High-beam assist

AFS headlamp – intelligent lighting system

The high beam optimally lights up the road in the dark. However, this light function is only used rarely so as not to dazzle oncoming road users or vehicles in front. Camera-based high-beam assistants solve this problem. This page explains how the new lighting assistance systems work and the key aspects to bear in mind when testing and adjusting them. You will also find out what causes the blue edge in new headlamp systems.

The following technical information and practical tips have been compiled by HELLA in order to provide professional support to vehicle workshops in their day-to-day work. The information provided on this website is intended for suitably qualified personnel only.

Adaptive high-beam assist

As a further development of the AFS system with static light distribution, this system is combined with a camera and suitable image processing. A first step in this direction is the adaptive cut-off line:

with the help of a camera on the windshield, oncoming vehicles and vehicles in front are detected, and the headlamps are controlled in such a way that the light beam ends in front of the other vehicles. In this way, the range of the low beam can be increased from approx. 65 m at present to up to 200 m (3 lux line). If the road is clear, the system switches to high beam, so that the driver has an optimal view at all times. In addition, the vertical angle data of objects within the camera's field of view can provide information about the road topography, so that the illumination can be improved in an area with high and low areas. The adjustment of the possible headlamp range is based on controlling the dazzle levels for other road users. This avoids irritating glare, and at the same time offers the maximum low beam light distribution.

Glare-free high beam assist with vertical cut-off line

The principle is simple: Driving with the high beam permanently on.

The conventional low beam represents a compromise. It is designed to minimise glare for other road users, but also provide drivers with the best possible illumination of the road. However, at high speeds and on uneven roads, the illumination provided by a conventional low beam is frequently less than ideal.

The so-called "glare-free high beam" follows the principle of a high beam that is permanently switched on without the driver having to worry about not being able to react quickly enough to oncoming traffic or dazzling oncoming drivers.

Vehicle detection via camera

A camera on the windshield inside the vehicle detects the lights of oncoming vehicles and vehicles in front up to a distance of 850 m (depending on the vehicle manufacturer). The camera is capable, in combination with evaluation electronics, of recording and evaluating many visual aspects of the traffic conditions and identifying dangers in order to react to changes in the conditions.

Function of the glare-free high beam

The headlamps are controlled based on the image data from the camera, so that road users who are in danger of being dazzled are automatically excluded from the high beam distribution. This produces a "light tunnel" where the detected vehicle remains in the dark and the light intensity is no higher than one lux. This tunnel can even track the detected vehicle dynamically and its dimensions can be varied. The area directly in front of the vehicle is permanently illuminated by a light distribution which is similar to the low beam.
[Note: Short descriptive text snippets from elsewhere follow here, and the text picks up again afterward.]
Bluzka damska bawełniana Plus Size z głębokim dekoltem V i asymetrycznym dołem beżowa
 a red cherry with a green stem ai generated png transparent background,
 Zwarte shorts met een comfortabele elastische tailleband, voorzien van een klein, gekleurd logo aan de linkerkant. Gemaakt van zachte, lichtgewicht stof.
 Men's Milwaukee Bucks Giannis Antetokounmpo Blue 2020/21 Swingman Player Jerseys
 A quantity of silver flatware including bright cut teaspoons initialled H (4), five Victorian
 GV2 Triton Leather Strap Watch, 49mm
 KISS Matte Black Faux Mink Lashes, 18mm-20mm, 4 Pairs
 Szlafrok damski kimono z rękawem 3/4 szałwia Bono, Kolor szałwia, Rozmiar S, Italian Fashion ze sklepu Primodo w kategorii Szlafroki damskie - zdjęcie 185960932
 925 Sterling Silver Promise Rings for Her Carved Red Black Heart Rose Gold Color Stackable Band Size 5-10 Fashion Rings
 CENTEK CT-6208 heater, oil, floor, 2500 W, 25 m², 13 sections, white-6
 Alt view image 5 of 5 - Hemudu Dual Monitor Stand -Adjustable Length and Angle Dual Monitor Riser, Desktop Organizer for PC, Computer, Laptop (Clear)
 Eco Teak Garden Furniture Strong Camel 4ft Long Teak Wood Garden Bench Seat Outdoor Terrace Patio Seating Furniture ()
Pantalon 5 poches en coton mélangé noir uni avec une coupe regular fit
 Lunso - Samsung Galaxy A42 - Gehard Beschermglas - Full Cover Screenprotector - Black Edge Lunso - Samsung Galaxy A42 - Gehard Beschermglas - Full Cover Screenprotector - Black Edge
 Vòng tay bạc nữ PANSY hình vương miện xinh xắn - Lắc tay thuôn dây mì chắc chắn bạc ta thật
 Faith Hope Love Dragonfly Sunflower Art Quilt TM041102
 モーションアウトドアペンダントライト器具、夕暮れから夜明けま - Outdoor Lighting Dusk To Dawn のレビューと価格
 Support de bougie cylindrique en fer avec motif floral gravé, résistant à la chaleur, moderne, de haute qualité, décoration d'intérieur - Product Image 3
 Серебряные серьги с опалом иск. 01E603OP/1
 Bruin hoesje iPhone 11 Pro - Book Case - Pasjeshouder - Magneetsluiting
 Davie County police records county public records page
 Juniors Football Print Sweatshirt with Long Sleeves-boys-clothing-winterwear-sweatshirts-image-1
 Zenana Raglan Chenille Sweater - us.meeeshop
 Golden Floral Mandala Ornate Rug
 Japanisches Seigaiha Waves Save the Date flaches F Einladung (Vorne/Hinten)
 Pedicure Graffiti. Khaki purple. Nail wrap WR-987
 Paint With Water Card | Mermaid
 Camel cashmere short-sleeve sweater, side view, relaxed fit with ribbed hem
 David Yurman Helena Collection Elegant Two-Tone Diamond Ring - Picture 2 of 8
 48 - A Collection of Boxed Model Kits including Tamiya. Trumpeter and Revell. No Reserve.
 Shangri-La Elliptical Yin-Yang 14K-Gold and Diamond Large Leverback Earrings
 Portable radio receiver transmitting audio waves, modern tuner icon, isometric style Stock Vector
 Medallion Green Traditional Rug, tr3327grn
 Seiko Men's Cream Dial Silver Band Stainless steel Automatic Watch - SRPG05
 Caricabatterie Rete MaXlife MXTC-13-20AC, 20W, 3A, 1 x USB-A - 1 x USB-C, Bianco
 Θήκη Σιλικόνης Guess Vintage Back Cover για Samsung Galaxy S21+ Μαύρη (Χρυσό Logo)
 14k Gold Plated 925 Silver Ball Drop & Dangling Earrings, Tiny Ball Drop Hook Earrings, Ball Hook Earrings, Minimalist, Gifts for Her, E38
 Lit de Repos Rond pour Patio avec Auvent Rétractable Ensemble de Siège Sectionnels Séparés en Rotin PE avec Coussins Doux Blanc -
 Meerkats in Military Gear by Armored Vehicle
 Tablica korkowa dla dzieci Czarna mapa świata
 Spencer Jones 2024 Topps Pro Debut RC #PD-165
Using the camera data and intelligent headlamp control, the light distribution adjusts automatically to the traffic situation so that the high beam distribution remains available to the driver, thus significantly increasing the visual range compared to the normal low beam. Sources of danger are therefore identified in good time and accidents avoided.

Testing and adjusting the high-beam assistant

There are very different variants of maintenance work for high beams with integrated assistance systems. Depending on the manufacturer and model, classic high beam systems are adjusted together with the low beam, or separately in accordance with the manufacturer's instructions. New ultra-modern headlamp systems are adjusted in conjunction with the relevant control unit using diagnostic units.

High beam assistance systems

Depending on the manufacturer, vehicles equipped with a high-beam assistant must be dealt with separately. With several manufacturers, the glare-free high beam is adjusted together with the low beam. The system is only checked in the event of complaints by customers. With other manufacturers, checking/adjustment is mandatory. Before carrying out the high beam assist adjustment , the vehicle should be prepared in accordance with the statutory regulations (correct tire pressure and loading, etc.) and the manufacturer's instructions. To perform the subsequent adjustment of the vertical cut-off line, the headlamp modules must be in the basic setting. This can be achieved using a diagnostic tester. A special aiming screen in an analog beamsetter is required for several high beam assistance systems. The SEG IV series by Hella Gutmann Solutions is equipped with this kind of aiming screen.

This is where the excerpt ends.